§ RAW DATA:
***

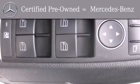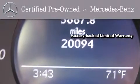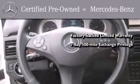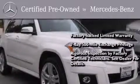This certified Mercedes-Benz isn't your typical used car. It comes with a one-year, factory-backed limited warranty with no deductible, a seven-day, 500-mile exchange privilege, and virtually every system was rigorously inspected by factory-certified technicians. Consider it with confidence.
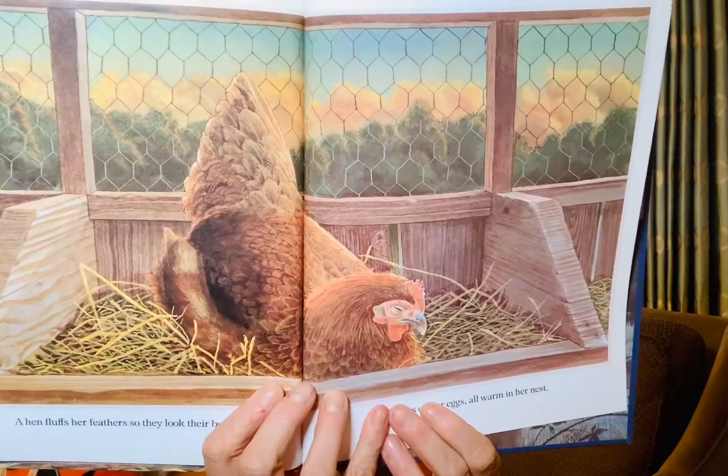A hen fluffs her feathers so they look their very best. And sits on her eggs all warm in her nest. And that's how a hen goes to sleep. And that's how a hen goes to sleep.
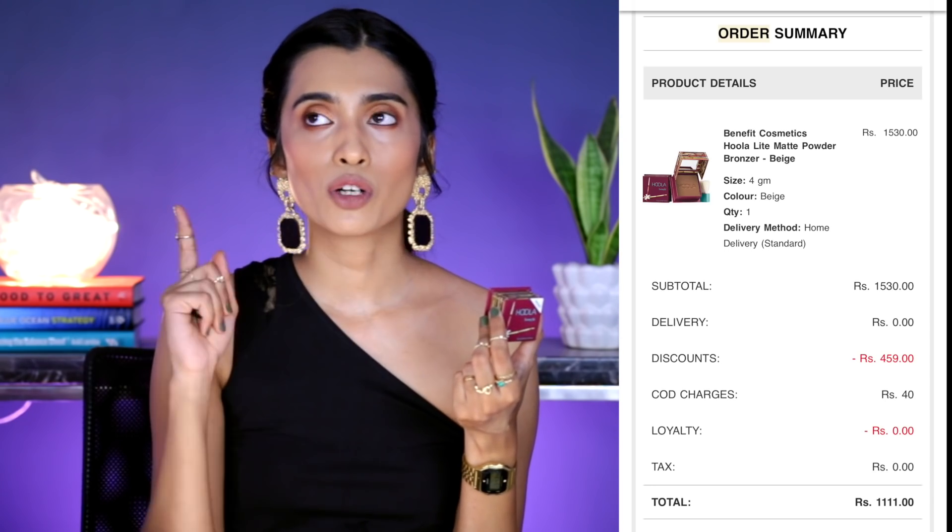Let's talk about Benefit. I always buy from the Sephora India website because I find it to be a better price deal — especially the Benefit Hoola Bronzer mini variant, which I got for around a thousand rupees because it was on flat 20% or 25% off. They have categories of Benefit products that go on discount — sometimes the brow products, sometimes the mascara. The Benefit Roller Lash Mascara is one of my favorite mascaras. Even the tins go on a discount deal on the Sephora India website.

***

§ WORK INSTRUCTIONS: Since only the text is needed, retype the data above exactly and omit the pictures.

§ SOLUTION:
This certified Mercedes-Benz isn't your typical used car. It comes with a one-year, factory-backed limited warranty with no deductible, a seven-day, 500-mile exchange privilege, and virtually every system was rigorously inspected by factory-certified technicians. Consider it with confidence.
A hen fluffs her feathers so they look their very best. And sits on her eggs all warm in her nest. And that's how a hen goes to sleep. And that's how a hen goes to sleep.
Let's talk about Benefit. I always buy from the Sephora India website because I find it to be a better price deal — especially the Benefit Hoola Bronzer mini variant, which I got for around a thousand rupees because it was on flat 20% or 25% off. They have categories of Benefit products that go on discount — sometimes the brow products, sometimes the mascara. The Benefit Roller Lash Mascara is one of my favorite mascaras. Even the tins go on a discount deal on the Sephora India website.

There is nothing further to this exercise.